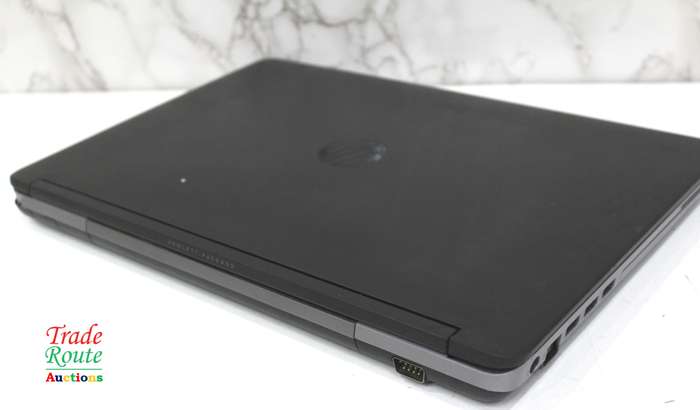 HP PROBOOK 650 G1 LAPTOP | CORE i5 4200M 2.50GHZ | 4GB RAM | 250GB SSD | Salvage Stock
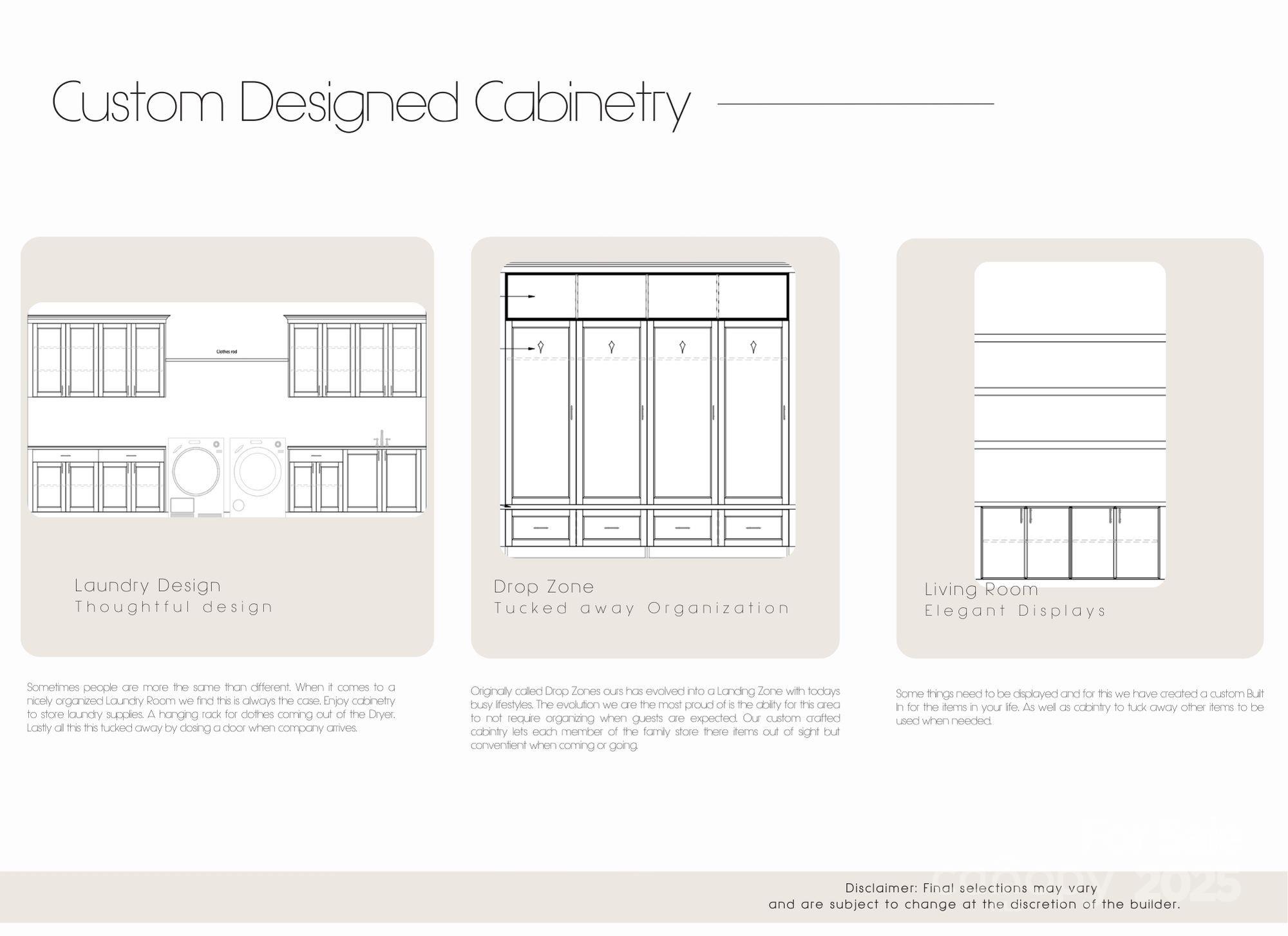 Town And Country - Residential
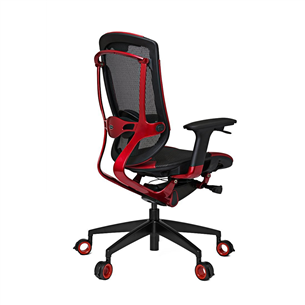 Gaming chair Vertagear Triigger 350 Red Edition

EXERCISE:
All of the data should come back exactly as written, but without pictures.

WRITTEN ANSWER:
 HP PROBOOK 650 G1 LAPTOP | CORE i5 4200M 2.50GHZ | 4GB RAM | 250GB SSD | Salvage Stock
 Town And Country - Residential
 Gaming chair Vertagear Triigger 350 Red Edition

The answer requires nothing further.